Source records ::

○ ○ ○ ○

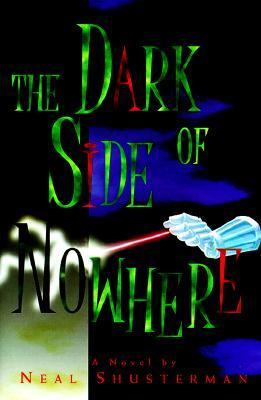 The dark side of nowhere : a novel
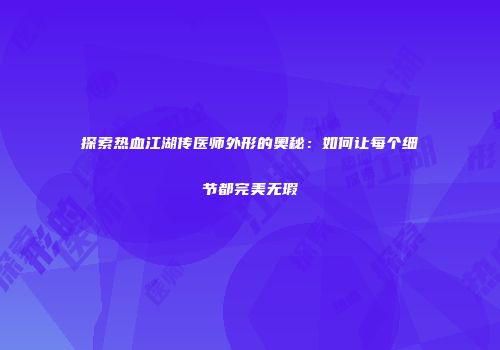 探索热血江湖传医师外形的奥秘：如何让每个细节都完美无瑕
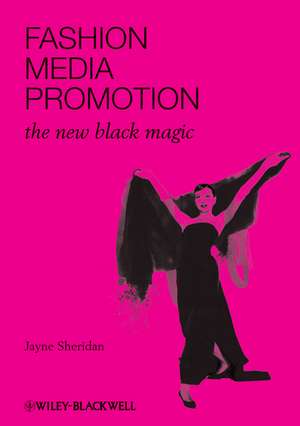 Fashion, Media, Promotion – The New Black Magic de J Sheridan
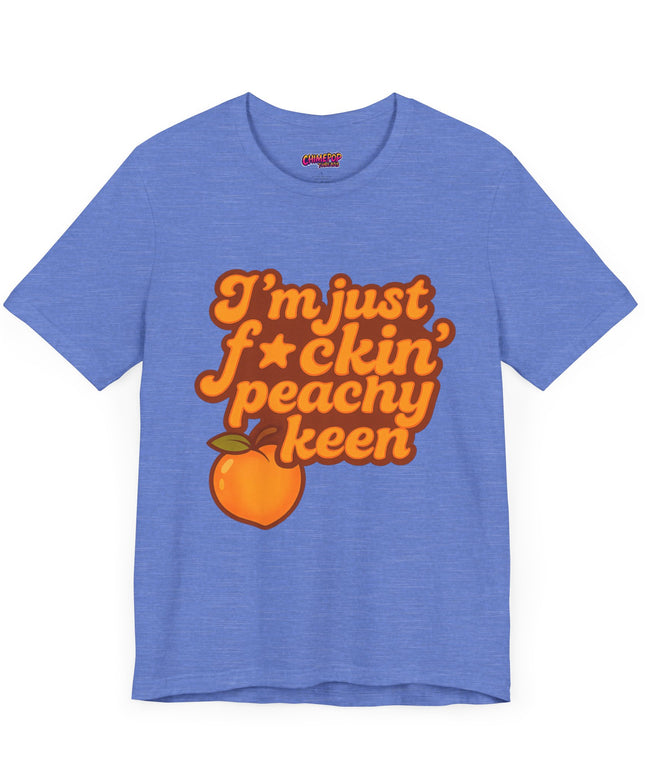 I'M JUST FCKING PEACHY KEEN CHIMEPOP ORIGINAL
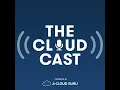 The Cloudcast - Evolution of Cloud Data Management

○ ○ ○ ○

Assignment ::
Copy out all of the listing word for word, but skip the images.

Written solution ::
 The dark side of nowhere : a novel
 探索热血江湖传医师外形的奥秘：如何让每个细节都完美无瑕
 Fashion, Media, Promotion – The New Black Magic de J Sheridan
 I'M JUST FCKING PEACHY KEEN CHIMEPOP ORIGINAL
 The Cloudcast - Evolution of Cloud Data Management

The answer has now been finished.